The only thing about the exchange that I was ambivalent about was Spike’s “Bloody hell, you would.” I took it as nervousness creeping up because of the slight intimacy going on. Slightly breaching the buddy zone they’ve established so far. But maybe also more of his insecurity creeping up as well. Except maybe a bit pissier. I think we might get Smashed Round Two somewhere down the line. Both of them have a lot to get off their chest.
But, yeah, I would have preferred “Bloody right you would.”
He covers it up, though, when he tells her that he’s going after whatever’s looking for her. And maybe she thanks him for that or maybe, just maybe, for kind of getting her self-involved head out of her ass. But stop the presses, readers! Buffy actually thanked Spike!
Honestly, it’s this back-and-forth banter that makes me miss the show and Ringer Michelle Gellar and Heavy Metal Marsters.
I think her whole rejuvenation could either be read as being influenced by this, or more likely that she needs to remove her name from the suspect list, but I don’t know, call me romantic but I kind of like that Buffy goes hunting for her hunter because Spike is so determined to finding out what’s stalking her. It’s like because he is doing so much, she can do no less. She can’t give up being the Slayer because he hasn’t given up on her. Step forward, regardless of reason.
Anywho, so Buffy finally finds out who’s taking the demon out of the vampire. Stakes are strictly optional now as might her role as the Chosen One. Sigh, same old song and dance.
Ordinarily, this would bug me to no end as it just seems to be this albatross that won’t go away. But, you know, I’ve been watching Breaking Bad and its creator Vince Gilligan has stated how much he likes tragic flaws. For protagonist anti (and I do mean anti) hero, Walter White, his tragic flaw is his pride. It leads to him making stupid, boneheaded mistakes that seen from the outside by the viewer would be a complete no-brainer. But that’s just it. Walter’s not running on his logical, scientific brain when he makes these bad decisions. He’s running on his emotional, illogical ego. He has to prove he’s the smartest guy in the room. Lex Luthor as meth mastermind.
I think for me it helps to see Buffy in the same regard. The young lady has been through all kinds of emotional hell with Giles’s death being her latest trauma. It seems only natural that her desire to be normal would only increase, even if she’s shown in the past how much that whole world would no longer be attainable. She knows too much. But maybe I should see this as less of a trope and more as a tragic flaw. Or perhaps a pathology. Actually, for Mr. White, a pathology is probably the last thing he needs.

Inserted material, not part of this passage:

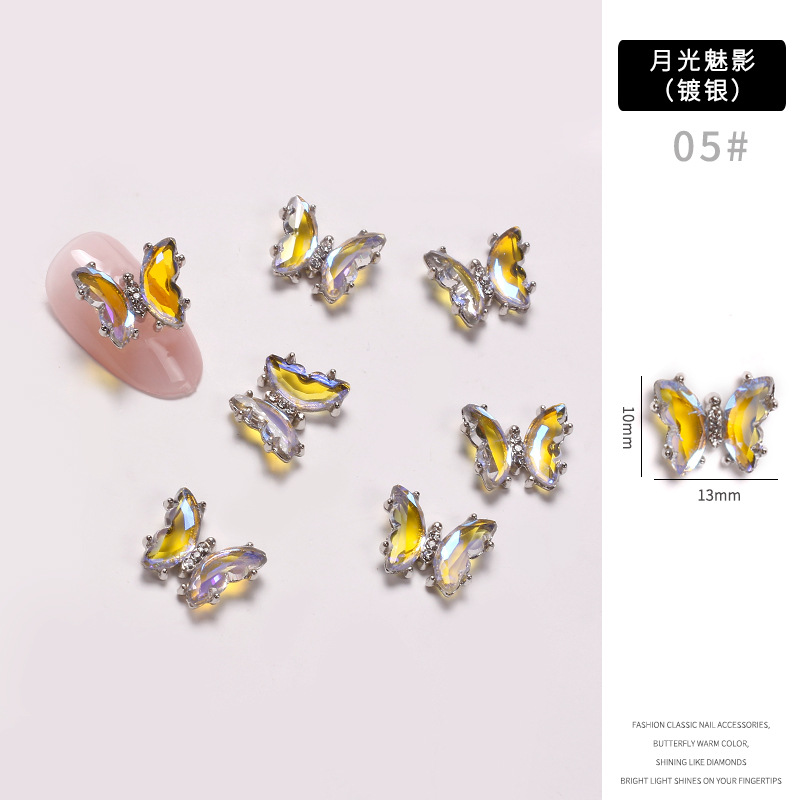 Red famosa nueva mariposa perforación joyas de manicura aleación tridimensional mariposa cristal permeación de hielo insins viento cristal mariposa perforación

And speaking of themes and so forth, I dunno. As wonderfully Patton Oswalt as the whole ethical quandaries about killing vampires without dusting them equals murder is, it’s just a bit too Vampire Ethics 101 for me. There’s nothing compellingly immediate about it. We could have seen an episode like this in Season Four or prior to that for example. And besides, I think anytime you boil down a vampire to its essence it’s a walking undead id who sucks human blood. They’re evil. End of story. That’s probably what we’re going to learn this season. I’m glad the plot is moving forward I just wish I cared about it more.
For my money I think Angel and Faith has the more intriguing storyline. It’s directly involved with what Angel did and how he’s trying to atone. And how through those very actions he’s actually making it that much worse, and he’s shrinking away from confronting those impulses that made him become Twilight in the first place. In that, both Buffy and Angel are disturbingly similar. It’s just that one plot is direct about it while Buffy is indirectly connected. My heart (and dough) will always belong to Buffy, though.
For both characters, though, they are taking a most definite Step. Back.